“Mojo.” “Warmth.” “Punchy.” “Forward.” Few professions trade in the glut of buzzwords, idioms and analogies quite like audio production. These pieces of hazy phraseology serve not only to describe the seemingly indescribable, but force others to nod along knowingly, lest you discover they have no idea what the hell you’re talking about.
But this year, EverythingRecording is turning the tables. There’s no better buzzword than the one you create yourself and then unleash upon your preferred online forum or user group. Whether you’re describing your latest mix, plug-in patch or mysterious piece of audio outboard, these promise to keep you one step ahead of the trend curve.
Let’s meet back in a year and marvel at how much these wind up being appropriated or somehow misused from their (my) original intent, shall we?
“HASHED”
(Granular. Pixelated. Bitcrushed. Harsh.)
“Man, I listened back to those drum stems and they’re completely hashed from all that limiting. Can we bounce them again through a summing mixer?”
While most audio processes seem to be fixated on doing the reverse, “hashed” could best be described as audio that has clearly been down the digital rabbit hole. Listen to a bad mp3 encoding, an overly bit-crushed sample or a mix that’s been crunched into unpleasant realms of digital distortion. That’s “hashed”. Your buttery smooth tube compressor is no match for audio that’s become hashed by too many conversions, bad recordings, re-re-encodings or brickwall limiting algorithms. Unless you’re doing it intentionally, it’s not good.

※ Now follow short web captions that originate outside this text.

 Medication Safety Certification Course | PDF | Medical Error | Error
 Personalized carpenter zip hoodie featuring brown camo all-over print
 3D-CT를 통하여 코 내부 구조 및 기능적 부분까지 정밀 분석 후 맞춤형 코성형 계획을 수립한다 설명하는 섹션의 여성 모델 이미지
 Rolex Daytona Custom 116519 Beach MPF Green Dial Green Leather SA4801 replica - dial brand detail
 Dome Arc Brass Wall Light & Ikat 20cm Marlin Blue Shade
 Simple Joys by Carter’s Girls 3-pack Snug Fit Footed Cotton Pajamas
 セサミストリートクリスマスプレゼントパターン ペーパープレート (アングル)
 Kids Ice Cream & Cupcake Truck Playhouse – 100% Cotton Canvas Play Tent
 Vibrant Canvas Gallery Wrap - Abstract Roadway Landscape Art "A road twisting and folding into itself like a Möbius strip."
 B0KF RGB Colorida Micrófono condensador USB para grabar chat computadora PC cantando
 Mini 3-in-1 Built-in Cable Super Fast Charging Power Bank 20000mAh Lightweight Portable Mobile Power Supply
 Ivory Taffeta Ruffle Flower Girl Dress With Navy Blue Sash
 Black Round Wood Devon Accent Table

Oftentimes, hashed is best used to describe the early use of digital conversion in products like the Adat. But get that same sound out of an SP-1200 drum machine and it’s magically good again. Use to taste.
“DISNEY”
(Trendy. Contemporary. Overused.)
“Were you serious with that Disney-ass vocal effect? C’mon, lay off the Auto-Tune, this is folk music.”
Whether it was done intentionally or not the first time, the audio production world often creates new and interesting bits of trickery. Reversed reverbs. The LMC drum smash. Cher’s “Believe” or Britney Spears’ aggressive notch filtered vocals. The first time you heard them you said, “Oh, wow, cool. Good turn.” The second time you said, “Hey, that’s kind of a ripoff of the first time.” And six months later, four new plugins are released with the singular purpose of doing that Disney effect. Use at your own risk, lest you be accused of doing it to your own productions. Can be used to your advantage with clients who want to sound “just like…” another artist quite easily.
“MOIST”
(Dense. Lush. Thick. Drenched.)
“When that goes into the last hook from the bridge, the mix gets so moist you could dip your finger in it!”
If effects are all mixed on a level from dry to wet, then what do we call the result? That’s right – the word everyone loves to hate, the Nickelback of adjectives itself. The term “moist”, normally reserved for cake mixes and Harlequin romance novels, indicates the result of that mixing wetness. It’s thick, it’s plushy, there’s a lot of sponginess to it. It’s uh… it’s moist. What’s interesting here is that the word can be used to praise or denigrate ones’ efforts. Moist, great for shoegazey dream pop, not so much for Brutal Dethcore.
“GLAMPLED”
(Derivative sounds. Constructed from existing, popular productions.)
“It’s a good song, but those glampled kicks and guitars make it sound like everything else out there.”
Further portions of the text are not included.